Another red flag, although a bit more arguable, is that by 'abstracting' the api into a more generic one, you achieving vendor neutrality, yes, but you also integrate much more loosely with your vendors, possibly loose unique features (or can only access them with even more 'hassle' custom options, and strategically, your end product will veer into commodity territory, which is not a place you usually want to be.
This is like a couple hours of work even without vibe coding tools.
There's more than that (even if most other systems also provide a OpenAI compatible API which may or may not expose either all features of the platform or all features of the OpenAI API), and the differences are not cosmetic, but since LiteLLM itself just presents an OpenAI-compatible API, it can't be providing acccess to other vendor features that don't map cleanly to that API, and I don't think its likely to be using the native API for each and being more complete in its OpenAI-compatible implementation of even the features that map naturally than the first-party OpenAI-compatibility APIs.)
Back in the days of GPT-3.5, LiteLLM was one of the projects that helped provide a reliable adapter for projects to communicate across AI labs' APIs and when things drifted ever so slightly despite being an "OpenAI-compatible API", LiteLLM made it much easier for developers to use it rather than reinventing and debugging such nuances.
Nowadays, that gateway of theirs isn't also just a funnel for centralizing API calls but it also serves other purposes, like putting guardrails consistently across all connections, tracking key spend on tokens, dispensing keys without having to do so on the main platforms, etc.
There's also more to just LiteLLM being an inference gateway too, it's also a package used by other projects. If you had a project that needed to support multiple endpoints as fallback, there's a chance LiteLLM's empowering that.
Hence, supply chain attack.
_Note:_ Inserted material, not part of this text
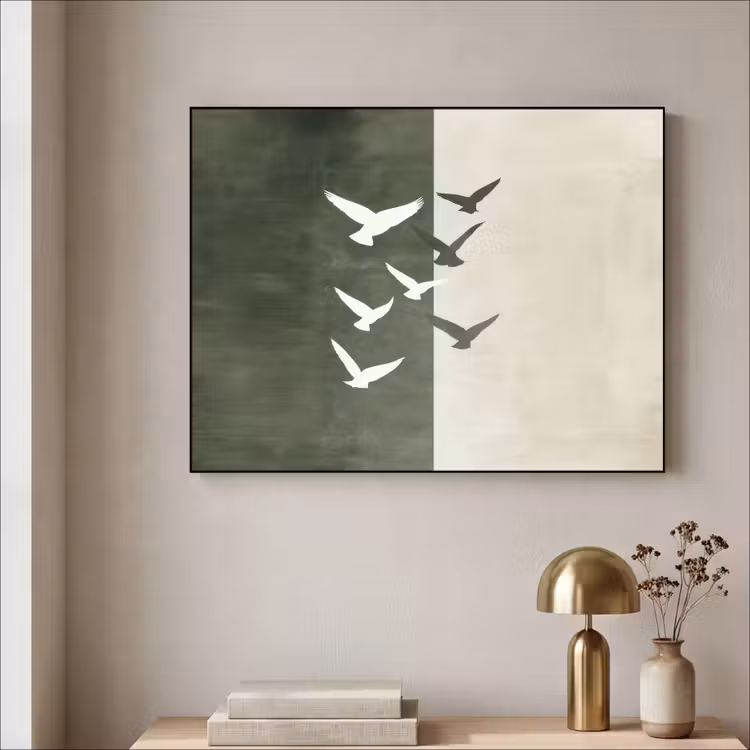 Japandi - Vogel - Groen Textielframe zwart klein -sfeer2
The GitHub issue literally has mentions all over other projects because they're urged to pin to safe versions since they rely on it.
It's pretty disappointing that safetensors has existed for multiple years now but people are still distributing pth files. Yes it requires more code to handle the loading and saving of models, but you'd think it would be worth it to avoid situations like this.
Hundreds of downvoted comments like "Worked like a charm, much appreciated.", "Thanks, that helped!", and "Great explanation, thanks for sharing."